Is there an example of someone defining their own number type in R? I don’t know of an example other than RMPFR which is quite complicated, but don’t know of things like bindings for Arb in R, or how it can be used in the standard library functions.

I looked at Rmpfr briefly, and didn’t see a way to invert matrices.
They also need to implement their own uniroot, integrate, etc…

I know last summer a professor in my university was interested in tropical geometry, where + is min and * is +. I don’t know what the applications are. I think the goal was to sample from a space of phylogenetic trees. Getting creative like that would be a lot easier in Julia.

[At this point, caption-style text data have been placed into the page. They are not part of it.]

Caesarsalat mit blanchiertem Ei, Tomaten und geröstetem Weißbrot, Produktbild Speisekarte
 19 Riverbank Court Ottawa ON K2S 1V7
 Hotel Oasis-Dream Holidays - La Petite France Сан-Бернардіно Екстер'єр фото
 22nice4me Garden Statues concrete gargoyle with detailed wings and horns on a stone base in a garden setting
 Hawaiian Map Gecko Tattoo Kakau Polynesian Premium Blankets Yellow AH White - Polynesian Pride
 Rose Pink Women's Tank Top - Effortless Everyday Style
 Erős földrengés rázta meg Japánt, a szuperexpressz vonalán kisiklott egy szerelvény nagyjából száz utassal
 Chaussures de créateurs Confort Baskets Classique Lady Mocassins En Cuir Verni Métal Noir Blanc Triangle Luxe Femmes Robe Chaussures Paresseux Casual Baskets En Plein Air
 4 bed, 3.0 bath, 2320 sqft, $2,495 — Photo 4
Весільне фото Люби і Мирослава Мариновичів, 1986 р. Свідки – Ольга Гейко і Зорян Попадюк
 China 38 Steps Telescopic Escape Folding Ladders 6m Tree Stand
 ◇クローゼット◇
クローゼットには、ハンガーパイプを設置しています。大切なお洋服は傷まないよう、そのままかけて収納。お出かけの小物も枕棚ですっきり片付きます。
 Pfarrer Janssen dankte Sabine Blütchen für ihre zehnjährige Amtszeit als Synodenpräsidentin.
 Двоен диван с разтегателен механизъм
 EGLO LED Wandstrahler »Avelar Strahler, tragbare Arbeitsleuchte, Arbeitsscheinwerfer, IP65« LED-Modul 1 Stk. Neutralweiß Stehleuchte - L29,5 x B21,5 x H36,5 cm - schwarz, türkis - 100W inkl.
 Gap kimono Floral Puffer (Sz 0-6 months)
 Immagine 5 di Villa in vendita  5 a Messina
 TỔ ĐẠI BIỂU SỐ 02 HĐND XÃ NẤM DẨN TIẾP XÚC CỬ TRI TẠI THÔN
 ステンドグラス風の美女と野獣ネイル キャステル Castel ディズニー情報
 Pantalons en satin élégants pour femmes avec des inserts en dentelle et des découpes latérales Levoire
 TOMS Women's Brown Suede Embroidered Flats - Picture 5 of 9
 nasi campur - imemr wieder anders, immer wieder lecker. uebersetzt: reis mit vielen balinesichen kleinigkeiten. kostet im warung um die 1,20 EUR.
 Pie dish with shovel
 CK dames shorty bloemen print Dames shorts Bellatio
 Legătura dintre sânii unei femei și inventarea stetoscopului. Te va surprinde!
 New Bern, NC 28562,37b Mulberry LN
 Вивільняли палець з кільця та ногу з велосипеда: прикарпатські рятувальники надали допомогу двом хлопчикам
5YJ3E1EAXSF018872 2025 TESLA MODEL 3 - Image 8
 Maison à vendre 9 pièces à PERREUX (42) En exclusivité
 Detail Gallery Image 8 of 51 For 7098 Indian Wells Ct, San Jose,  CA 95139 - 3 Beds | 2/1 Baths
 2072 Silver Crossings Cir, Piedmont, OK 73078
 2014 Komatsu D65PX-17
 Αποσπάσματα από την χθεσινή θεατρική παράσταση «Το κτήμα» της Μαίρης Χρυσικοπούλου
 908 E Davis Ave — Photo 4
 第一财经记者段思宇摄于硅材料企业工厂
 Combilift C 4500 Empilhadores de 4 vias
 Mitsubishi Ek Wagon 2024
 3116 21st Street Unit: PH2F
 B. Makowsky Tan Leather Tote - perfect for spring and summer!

By the way, did you use (L)BFGS in Python? There seems to be an inverse Hessian approximation in the output as well as a gradient.

I honestly don’t know what that means and/or why it might be important. I just know I can specify bounds :sweat_smile:

Ah, okay. It’s the optimization algorithm.

This is really cool; I’ve been looking for a good way to make an fminunc/con mirror in Julia so this is great to see! I may be in touch with a PR on your GitHub repository at some point in the future.

Thanks, PRs are welcome. Note that the fminunc/con bits are just frontends to Optim and NLOpt, which do the real work. They are intended to ease the transition for students who are used to Matlab.

Sounds good. I’ve been in search of a good interface for Julia to do common econometric MLE problems (stuff that’s not in GLM, e.g. multinomial logit, etc.). I’ve tried implementing in JuMP but the Hessian computation was overly burdensome (in terms of memory usage—see this discourse). So it seems like using Optim instead of JuMP may be an improvement.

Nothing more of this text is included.